DayOfWeek dow = ld.getDayOfWeek() ;
Ask the DayOfWeek object to automatically localize its name. The DayOfWeek::getDisplayName method translates the name of the day into any human language specified by a Locale such as Locale.US or Locale.CANADA_FRENCH.
String output = dow.getDisplayName( TextStyle.FULL , Locale.CANADA_FRENCH );
lundi
Or, in US English.
String output = dow.getDisplayName( TextStyle.FULL , Locale.US );
Monday
To get the number of the day-of-week, where Monday-Sunday is 1-7 per the ISO 8601 standard, ask the DayOfWeek enum object for its value.
int dowNumber = dow.getValue() ; // 1-7 for Monday-Sunday.
To get the number 1-7 as part of a larger formatting pattern use e or c as directed in the DateTimeFormatter class.
About java.time
The java.time framework is built into Java 8 and later. These classes supplant the troublesome old legacy date-time classes such as java.util.Date, Calendar, & SimpleDateFormat.
The Joda-Time project, now in maintenance mode, advises migration to the java.time classes.
To learn more, see the Oracle Tutorial. And search Stack Overflow for many examples and explanations. Specification is JSR 310.
You may exchange java.time objects directly with your database. Use a JDBC driver compliant with JDBC 4.2 or later. No need for strings, no need for java.sql.* classes.

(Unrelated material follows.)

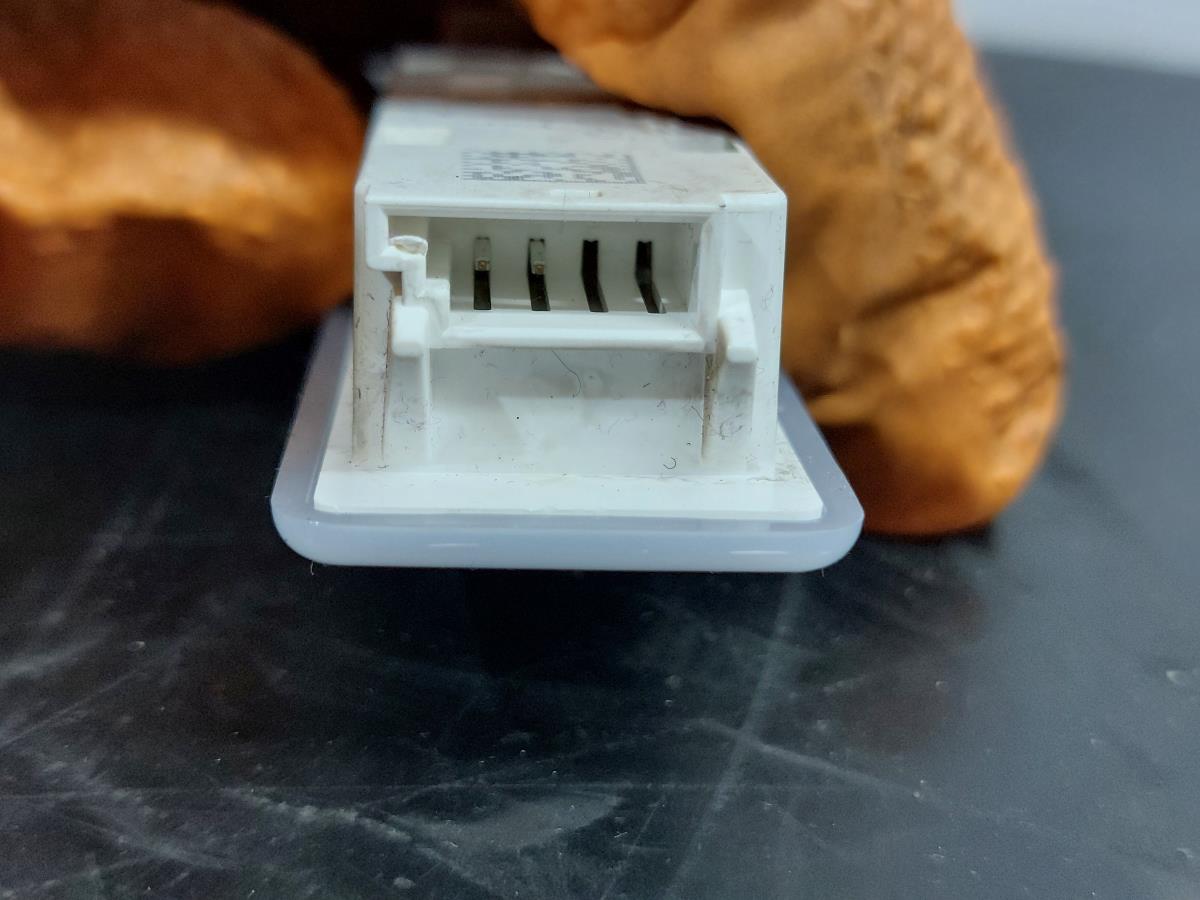 Luce interna BMW 7 (G11, G12) Imagem-2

Where to obtain the java.time classes?
Java SE 8, Java SE 9, Java SE 10, Java SE 11, and later - Part of the standard Java API with a bundled implementation.
Java 9 adds some minor features and fixes.
Java SE 6 and Java SE 7
Most of the java.time functionality is back-ported to Java 6 & 7 in ThreeTen-Backport.
Android
Later versions of Android bundle implementations of the java.time classes.
For earlier Android (<26), the ThreeTenABP project adapts ThreeTen-Backport (mentioned above). See How to use ThreeTenABP….
The ThreeTen-Extra project extends java.time with additional classes. This project is a proving ground for possible future additions to java.time. You may find some useful classes here such as Interval, YearWeek, YearQuarter, and more.